Then there are injuries to our bodies, physical injuries. It can happen ever since Cain killed his brother Abel. Jesus linked anger to murder, and so frequently an angry heart can lead to attacks, physical attacks that can happen. Attacks on your possessions, attacks on your body, even to the point of serious injury or even death. Or it could be injuries from authority figures, people have positions of power, in our lives or in society. It could be elected officials, government officials, could be police, those with that kind of authority, could be a boss, it could be a coach, it could be a teacher, professor, somebody with authority, and they have the ability to make your life miserable. They can lord it over you, they can abuse you physically or verbally, materially. Some governments enact laws against our Christian brothers and sisters that make it impossible for them to gather, to meet together without fear. They arrest pastors and drag them off, physical assaults from authority figures.

Then there are injuries that happen with neighbors, perhaps they like to play loud music or shoot firearms at odd hours. Our neighbors in Japan, I remember, had a habit of burning their garbage at a certain time every day, and the wind always seemed to blow toward us, and so it was interesting, it's just a unique smell, burning garbage, and then our clothes would smell like it, etcetera. Or perhaps in your neighborhood, it's a crotchety old man who yells, “Get off my lawn!” at your kids. I've actually felt that myself, I remember years ago, some of our neighbors took a diagonal journey across the street to go fishing in the lake, and I felt that welling up inside. It’s like, “Do you really wanna be the get-off-my-lawn neighbor? But that's the kind of thing that can happen in neighborhoods,. Maybe your neighbor has a dog that barks all night. We used to live near what I called the “metronome dog” that used to bark like.…well, I won't imitate it, but a very rhythmic barking that was annoying. Or maybe you live in an apartment complex and people cook with certain ingredients that make the entire building smell like that ingredient for the rest of the day.

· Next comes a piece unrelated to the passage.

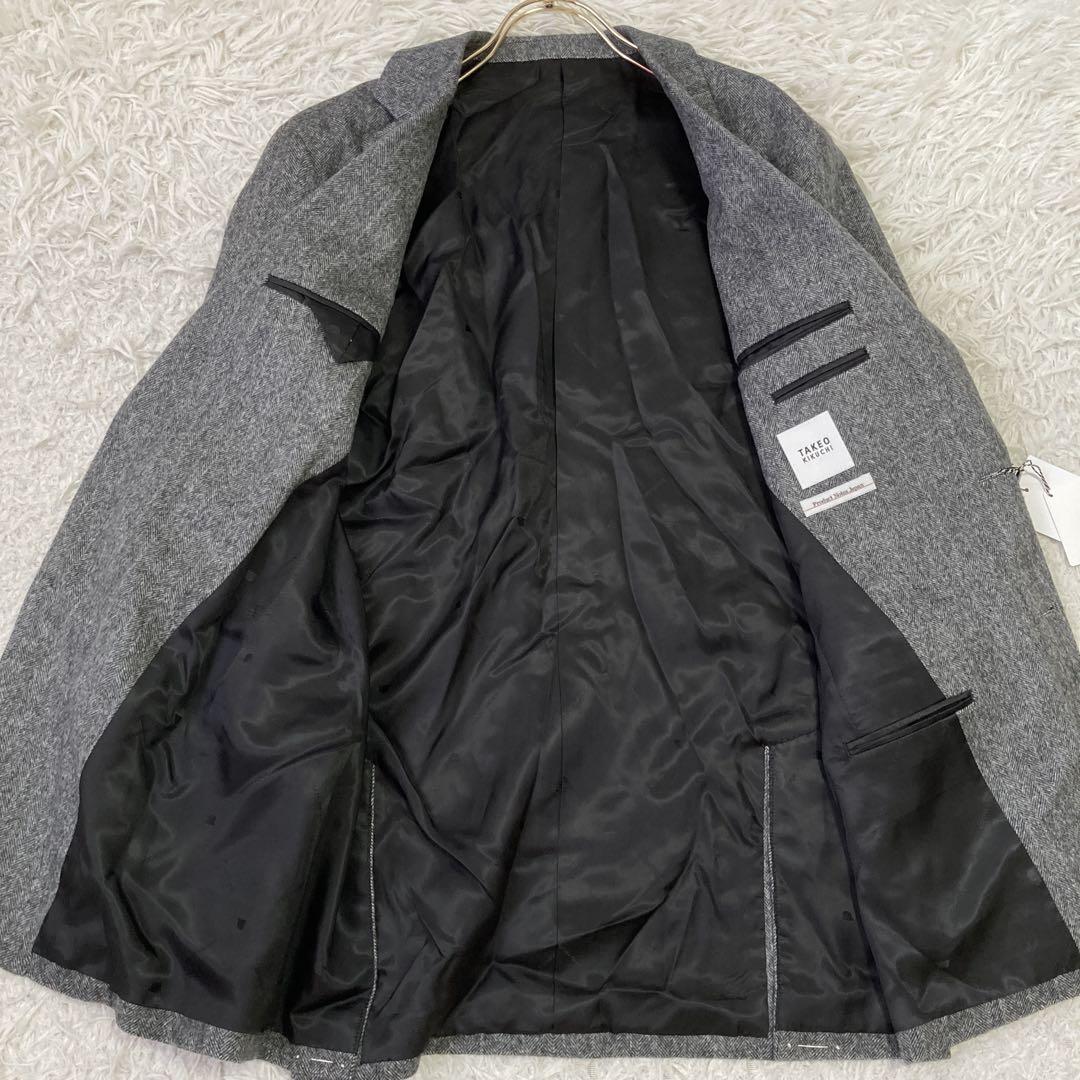 ［未使用］TAKEO KIKUCHI ジャケット グレー L ビジネス カシミヤ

Most especially we look at injuries from family members. We are in such close quarters with each other, and especially with this sheltering at home, we can be in each other's grill, in each other's space. And there are things that can happen, husband to wife, wife to husband, parent to child, child to parent, brothers, sisters, siblings, and we can annoy each other and irritate each other, and there can be injuries, we use that word, but just things that are annoying or bothersome, etcetera. And then move it out to extended family, aunts and uncles, cousins, things happen, and we have this historical memory of when this happened or that happened, and there can be injuries. 

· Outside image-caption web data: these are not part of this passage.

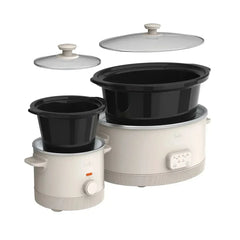 Bella 6-Quart Programmable Slow Cooker with Additional 2-quart Slow Cooker Set - USA MEGA SHOP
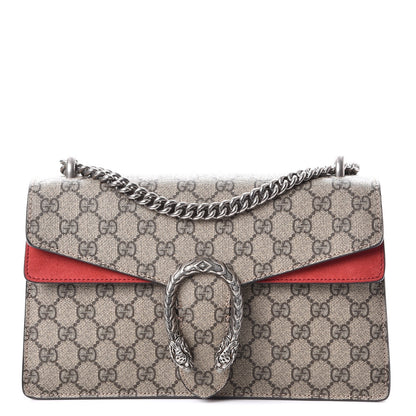 Gucci GG Supreme Monogram Small Dionysus Shoulder Bag Red 1 of 8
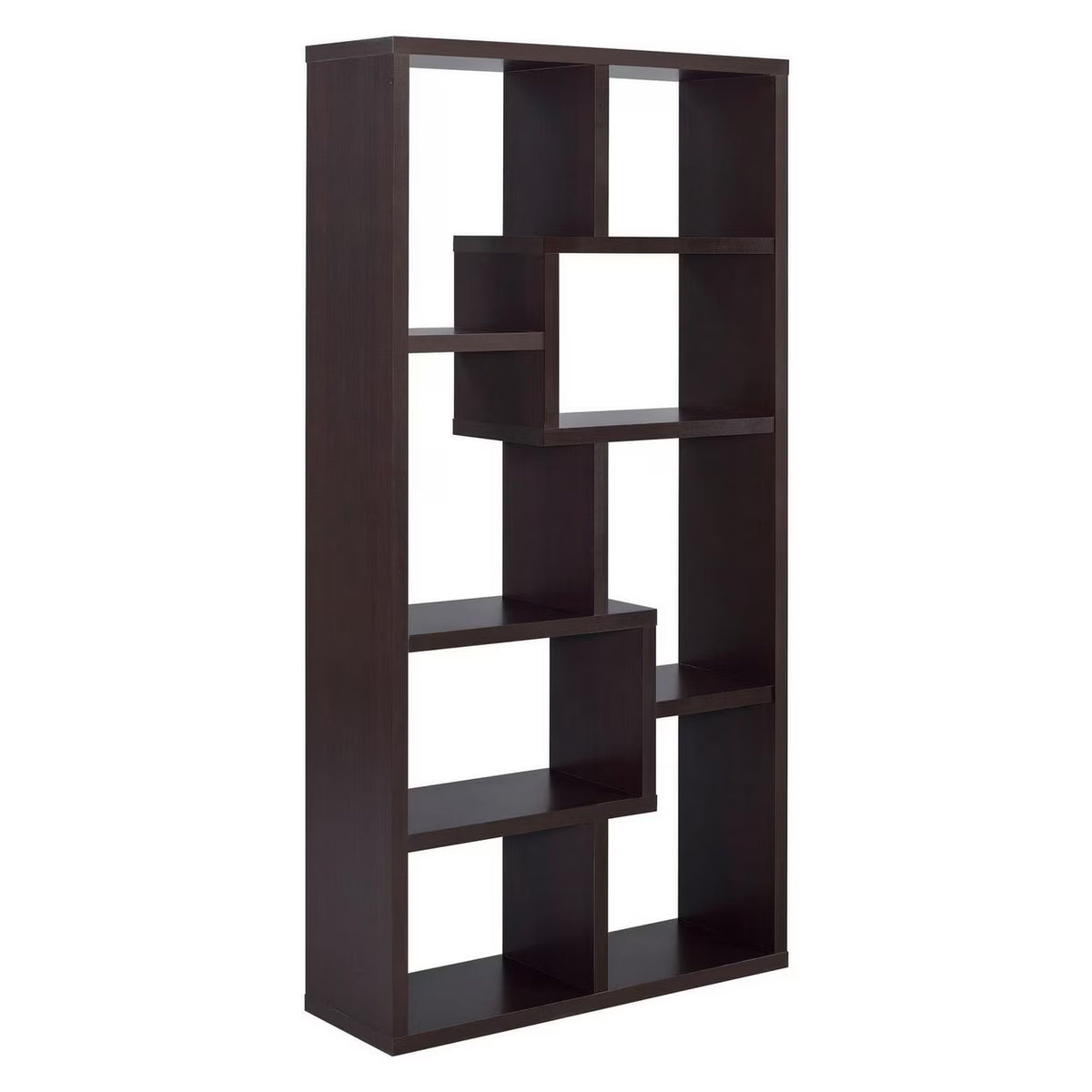 Coaster Company Interlocking 8 Shelf Wood White Bookcase for Home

So all of these are things that happen in life. And they require Christians to be long-suffering. They set you up in a situation where you need to bear patiently that issue, what does it mean then to be long-suffering? Well, it means to bear the injury meekly and humbly, and to not seek retaliation at all, to not seek revenge, there are so many things that we can do to get revenge, there's so many movies and books and different things out in popular culture, they're basically based on revenge, it's a very common plot development where at the beginning of the movie, some villain does something villainous, and at that point, it's almost like in the movie, all bets are off, that person is fair game for revenge, and it's just a whole story of revenge.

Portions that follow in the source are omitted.